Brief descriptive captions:
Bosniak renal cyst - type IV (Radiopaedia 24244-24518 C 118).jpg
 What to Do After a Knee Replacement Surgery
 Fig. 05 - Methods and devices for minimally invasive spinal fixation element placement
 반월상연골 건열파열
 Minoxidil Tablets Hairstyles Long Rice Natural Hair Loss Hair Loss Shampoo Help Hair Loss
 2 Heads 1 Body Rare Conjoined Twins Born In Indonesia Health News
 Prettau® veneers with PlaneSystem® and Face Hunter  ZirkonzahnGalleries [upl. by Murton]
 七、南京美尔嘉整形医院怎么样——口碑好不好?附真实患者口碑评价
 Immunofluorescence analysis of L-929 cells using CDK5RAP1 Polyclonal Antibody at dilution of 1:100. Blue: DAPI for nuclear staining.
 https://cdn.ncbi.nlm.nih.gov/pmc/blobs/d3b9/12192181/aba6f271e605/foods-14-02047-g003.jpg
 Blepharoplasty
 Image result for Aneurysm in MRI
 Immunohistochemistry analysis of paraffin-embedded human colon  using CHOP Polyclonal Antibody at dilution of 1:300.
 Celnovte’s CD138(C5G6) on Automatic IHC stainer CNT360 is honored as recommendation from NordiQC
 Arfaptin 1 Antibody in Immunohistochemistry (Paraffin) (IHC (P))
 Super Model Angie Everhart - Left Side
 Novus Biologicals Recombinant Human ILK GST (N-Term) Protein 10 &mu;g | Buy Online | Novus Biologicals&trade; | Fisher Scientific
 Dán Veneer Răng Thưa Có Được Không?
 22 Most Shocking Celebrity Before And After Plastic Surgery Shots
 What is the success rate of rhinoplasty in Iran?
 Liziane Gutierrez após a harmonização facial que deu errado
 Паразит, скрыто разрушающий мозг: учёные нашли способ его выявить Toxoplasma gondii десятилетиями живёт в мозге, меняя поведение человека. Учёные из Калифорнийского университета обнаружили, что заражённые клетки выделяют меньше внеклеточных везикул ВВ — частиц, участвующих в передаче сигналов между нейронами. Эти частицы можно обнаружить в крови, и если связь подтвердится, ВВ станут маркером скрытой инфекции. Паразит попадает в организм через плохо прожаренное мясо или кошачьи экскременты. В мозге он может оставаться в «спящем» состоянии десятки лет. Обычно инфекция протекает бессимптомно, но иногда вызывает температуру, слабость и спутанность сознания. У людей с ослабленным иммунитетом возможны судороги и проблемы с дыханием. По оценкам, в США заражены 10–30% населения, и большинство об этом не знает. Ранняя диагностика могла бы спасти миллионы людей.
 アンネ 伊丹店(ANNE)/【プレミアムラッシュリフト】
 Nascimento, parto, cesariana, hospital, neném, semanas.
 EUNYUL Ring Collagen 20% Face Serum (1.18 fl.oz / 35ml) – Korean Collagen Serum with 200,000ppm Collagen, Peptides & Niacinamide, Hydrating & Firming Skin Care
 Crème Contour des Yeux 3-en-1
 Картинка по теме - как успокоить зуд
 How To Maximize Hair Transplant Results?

Task item: For the word "Polyclonal", how many lines in the records above contain it? Answer with the number and nothing else.

Result of the exercise: 2